Namun, kemudahan prosedur ini tidak dimanfaatkan sebagian importir. ”Pada masker impor, seharusnya importir membawa data pengujian masker di negara asal. Jika berkasnya tidak lengkap, kami tidak akan setujui masuk,” kata Direktur Penilaian Alat Kesehatan dan Perbekalan Kesehatan Rumah Tangga Kemenkes I Gede Made Wirabrata, Kamis (18/3/2021).
Prinsipnya, jika mau mengikuti aturan yang seharusnya berlaku, proses izin edar dapat dipercepat. Bahkan, Kemenkes menyiapkan pegawainya memberi layanan pengajuan izin edar di hari libur. Mekanisme ini, kata Wira, penting untuk memastikan produk alat kesehatan aman dipakai konsumen. Namun, puluhan masker yang ditemukan Kompas di pasaran itu tidak melalui proses ini.
Pemotongan jalur ini mengabaikan ketentuan Pasal 196 dan 197 Undang-Undang Kesehatan Nomor 36 Tahun 2009 tentang Kesehatan. Di Pasal 196, setiap orang dilarang memproduksi atau mengedarkan alat kesehatan yang tidak memenuhi standar keamanan, khasiat atau kemanfaatan, dan mutunya. Adapun di Pasal 197, setiap orang dilarang memproduksi atau mengedarkan alat kesehatan yang tidak memiliki izin edar.

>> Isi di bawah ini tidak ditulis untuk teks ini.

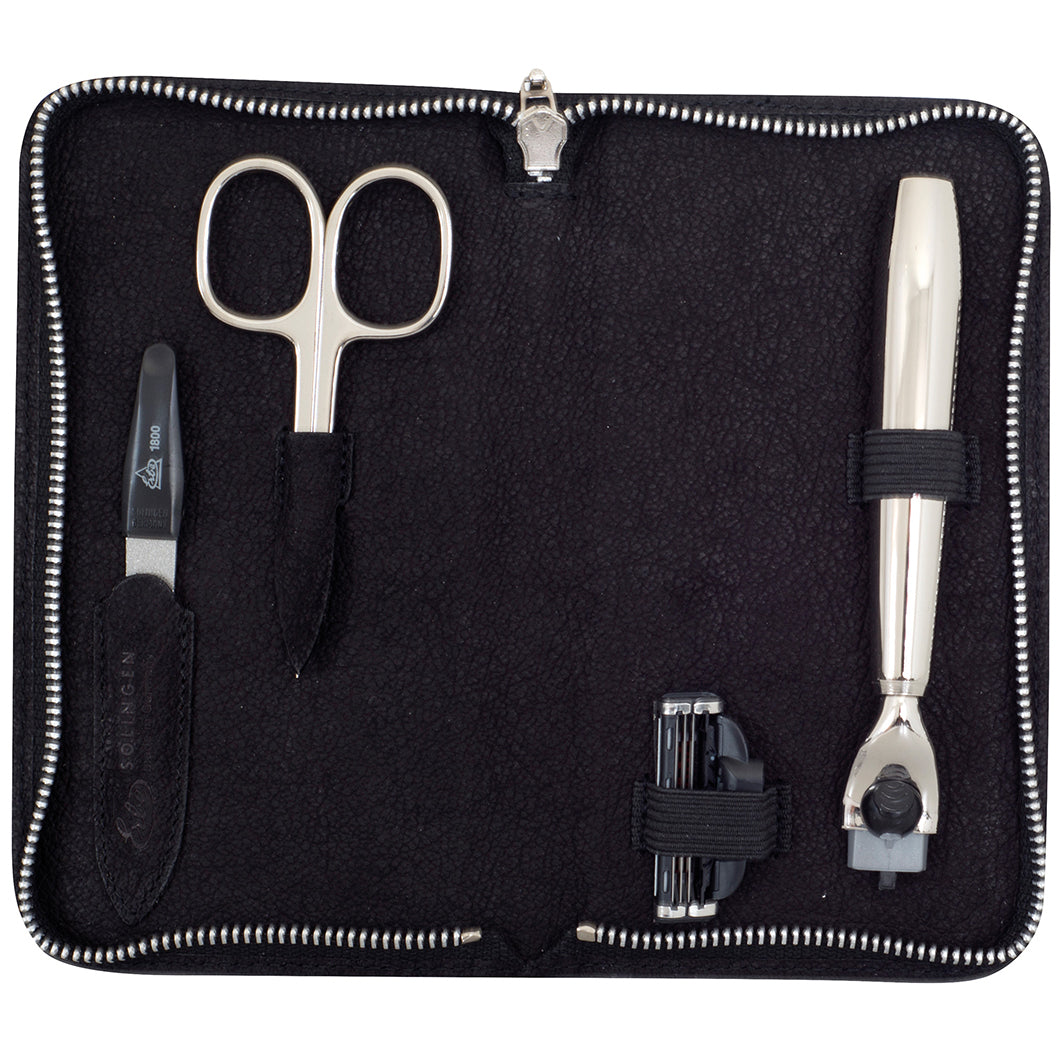 Reiseset Gillette Mach3 5-Tlg
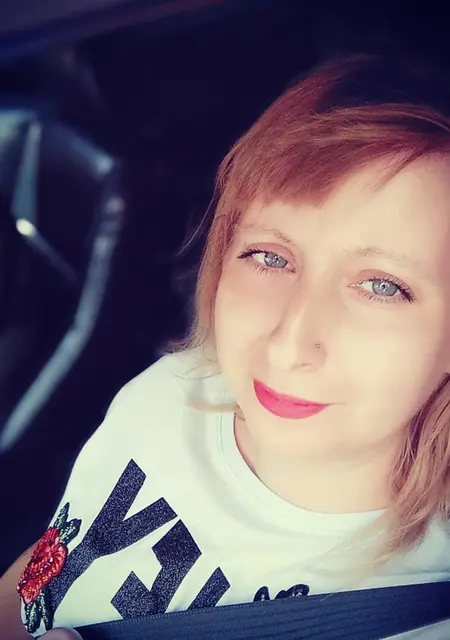 Я Леся, 34, из Витебска, ищу знакомство для общения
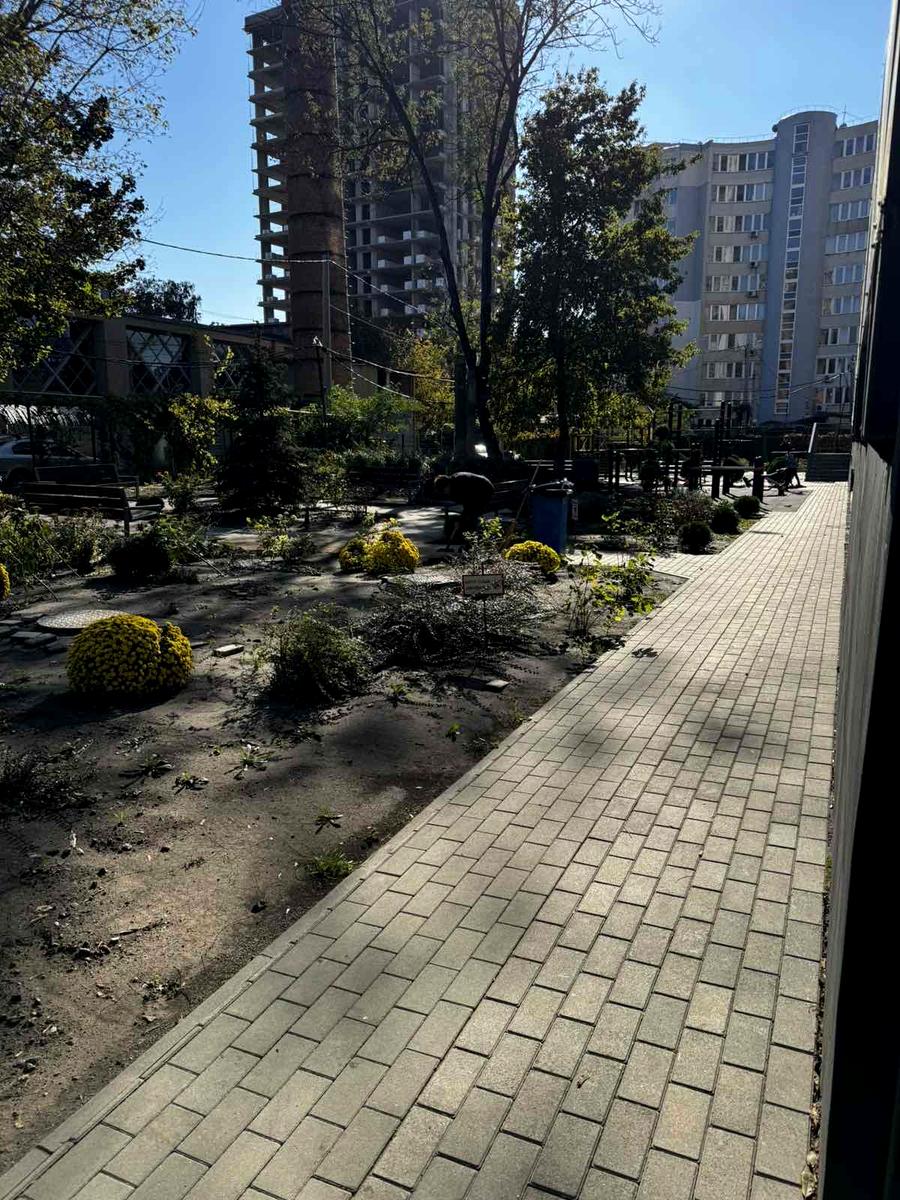 3-комнатная квартира по адресу Клубничный пер. (площадь 98 м²) - Atlanta.ua - фото 4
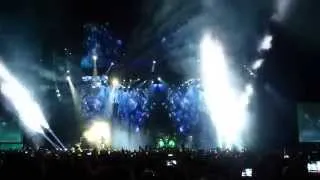 Tool - Ænema (Mexico City March 2014)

Direktur Utama PT Mandiri Nugraha Ajitunggal Hardi Solaiman mengakui ada pemotongan jalur impor di era pandemi. Ini karena situasi darurat kesehatan yang ditetapkan pemerintah. ”Aturannya memang memungkinkan kami melakukan impor dengan menggunakan suket (surat keterangan atau rekomendasi BNPB),” kata Hardi.
Perusahaan ini pada awal pandemi pernah mendapatkan rekomendasi impor dari BNPB. Namun belakangan, menurut Hardi, proses impor masker menggunakan mekanisme seperti biasa seperti saat sebelum pandemi.
Sementara itu, sebagian pelaku usaha alat kesehatan masih mau mengikuti prosedur yang semestinya. Kepala Bidang 1 Promosi Produk Dalam Negeri Aspaki Erwin Hermanto menyatakan, kualitas produk harus dikedepankan. Bahkan, untuk memastikan kualitas masker produksi mereka, sebagian produsen mengujikan produknya ke lembaga penguji di luar negeri. Semua ini membutuhkan biaya dan memakan waktu.
Mengutip Asosiasi Produsen Alat Kesehatan Indonesia, produsen dalam negeri bisa memproduksi 630.000 lembar masker respirator tipe KN95 dan N95 per 2020. Untuk masker medis, produsen dalam negeri mampu memproduksi 488 juta lembar masker per bulan.
Produksi ini jauh melampaui kebutuhan nasional. Dalam rentang waktu Juli-Desember 2020, Indonesia membutuhkan 129 juta lembar. Pada saat yang sama, industri dalam negeri mampu memproduksi masker 1,3 miliar lembar. ”Produksi di dalam negeri sudah melebihi kebutuhan nasional sejak Juli 2020,” kata Erwin.
Namun, lantaran status darurat kesehatan, pengimpor dan distributor alat kesehatan mengabaikan ketentuan UU No 36/2009 tentang Kesehatan. Pengabaian ini membuka peluang beredarnya masker tidak berkualitas ke pasar bebas, termasuk ke tenaga kesehatan.